What Makes It Unique Omnivore’s most technically distinctive capability is combining traditional full-text search with pgvector-powered semantic search in a self-hosted deployment, enabling AI-generated digest feeds and content discovery without external cloud APIs. The content ingestion pipeline supports an unusually broad range of ingest paths — web URLs via Puppeteer, email newsletters via IMAP watching with per-sender handlers for over twenty newsletter platforms, RSS and Atom feeds, YouTube transcripts, and direct email forwarding — all within a single cohesive library. The cross-platform architecture achieves schema-level consistency across web, iOS, and Android by running GraphQL codegen for all three clients, eliminating API contract drift between surfaces. The rule engine for auto-labeling and folder assignment is a rare feature among open-source read-it-later tools, enabling workflow automation that usually requires third-party tools like Zapier.
Self-Hosting
Omnivore is released under the GNU Affero General Public License version 3 (AGPL-3.0). This means you can run it privately, modify the source, and redistribute your changes, but any modified version you run as a network service must also be made available as open source under the same license. For most self-hosters — individuals, teams, or organizations running Omnivore internally without distributing it to third parties — the AGPL imposes no meaningful restriction beyond the copyleft obligation on the server-side code itself. There are no commercial use restrictions, no user limits, and no proprietary modules gating functionality.
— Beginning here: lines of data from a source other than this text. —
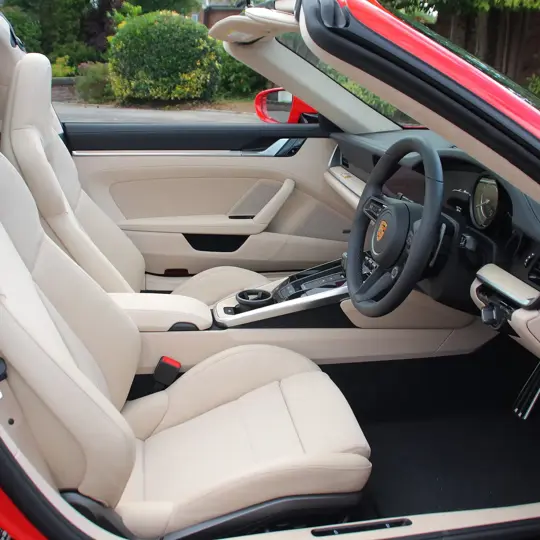 Porsche 911 (992) C4S Targa Heritage Edition  image 11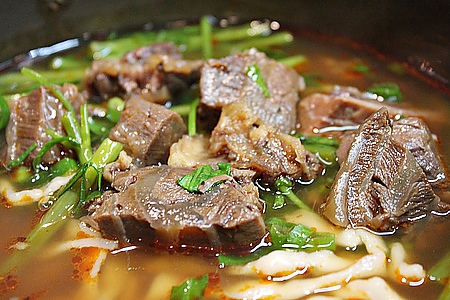 【聞香坊】汕頭清燉牛肉麵換新裝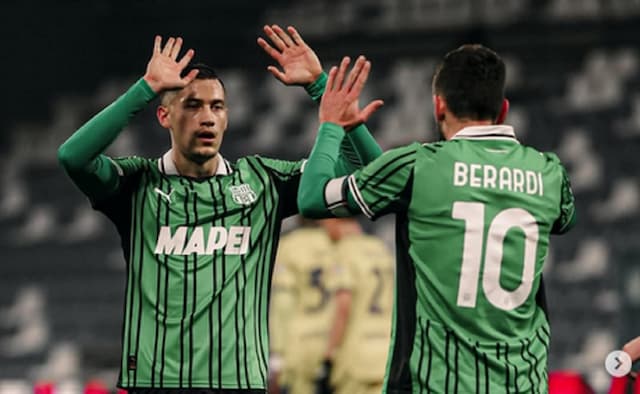 Optimisme Fabio Grosso Lihat Klub Jay Idzes Makin Menggila di Liga Italia 2025-2026 Optimisme Fabio Grosso Lihat Klub Jay Idzes Makin Menggila di Liga Italia 2025-2026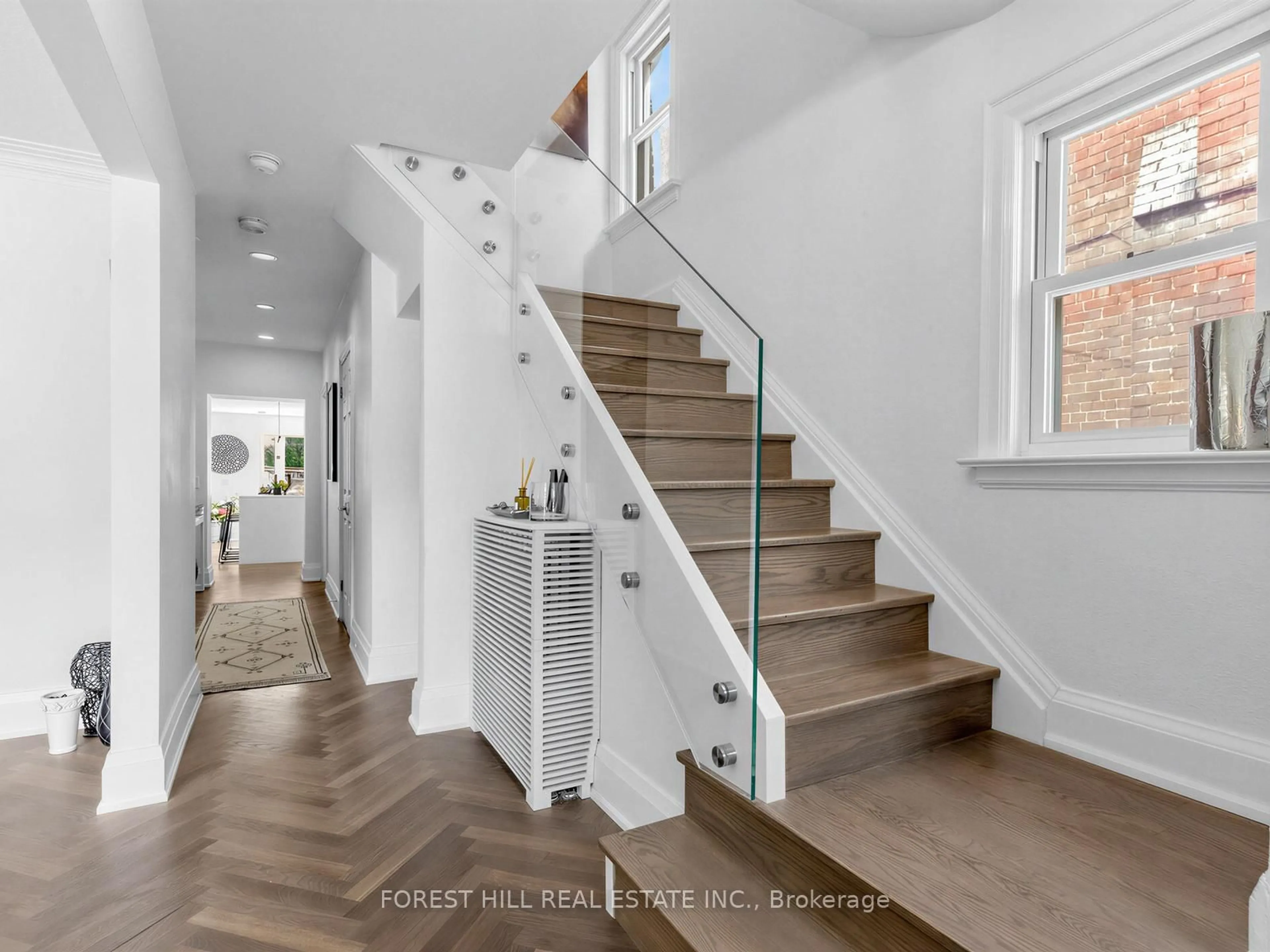 Stairs for 192 Glen Cedar Rd, Toronto Ontario M6C 3H1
Running Omnivore yourself requires orchestrating six to eight Docker containers: a PostgreSQL primary and replica (with pgvector), Redis, Minio for object storage, the Node.js API, the Next.js web frontend, and the Puppeteer-based content-fetch service. Optionally you can add the IMAP mail watcher for email newsletter ingest and the RSS handler for feed subscriptions. The project provides well-maintained Docker Compose files, Helm charts for Kubernetes, an Nginx reverse proxy configuration, and a detailed self-hosting guide, which significantly lowers the barrier to deployment. You are responsible for database backups, service restarts, PostgreSQL replication health, and keeping up with community-released updates — there is no automated upgrade path or managed update service.
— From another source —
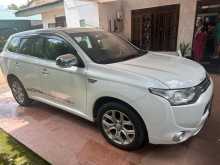 Mitsubishi Outlander 2014 SUV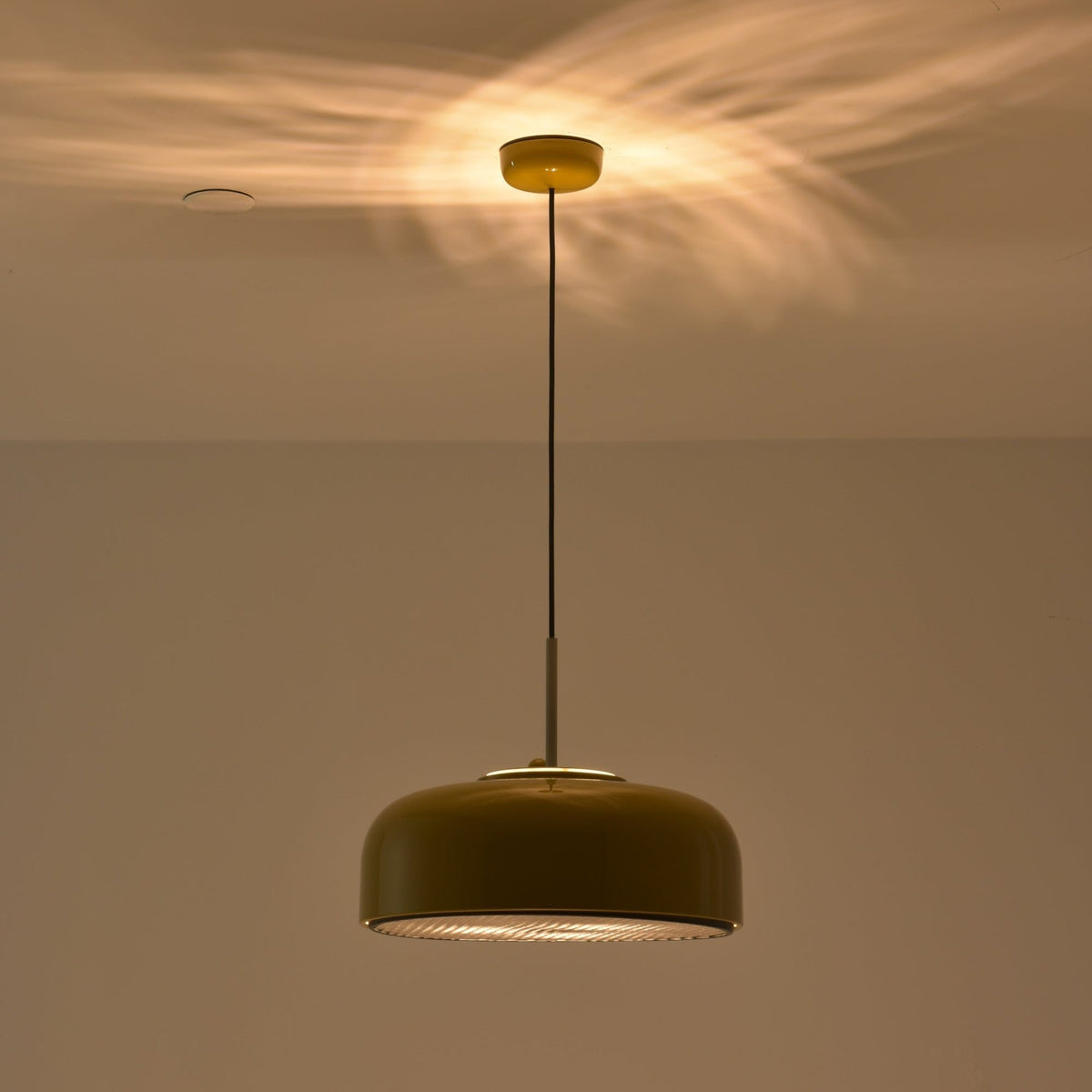 Wolvin zeitgenössische minimalistische Podgy Pendelleuchte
Because Omnivore shut down its hosted cloud service in November 2024, there is no SaaS tier to compare against — self-hosting is the only option. This means you gain complete data ownership and zero subscription cost, but you absorb all operational responsibility: uptime, storage growth (especially for saved PDFs and images in Minio), and community-driven bug fixes rather than a dedicated support team. The active Discord community and GitHub issue tracker are the primary support channels, and the maintainer has committed to ongoing bug fixes, making the project a viable long-term self-hosting choice for teams comfortable with Docker-based infrastructure.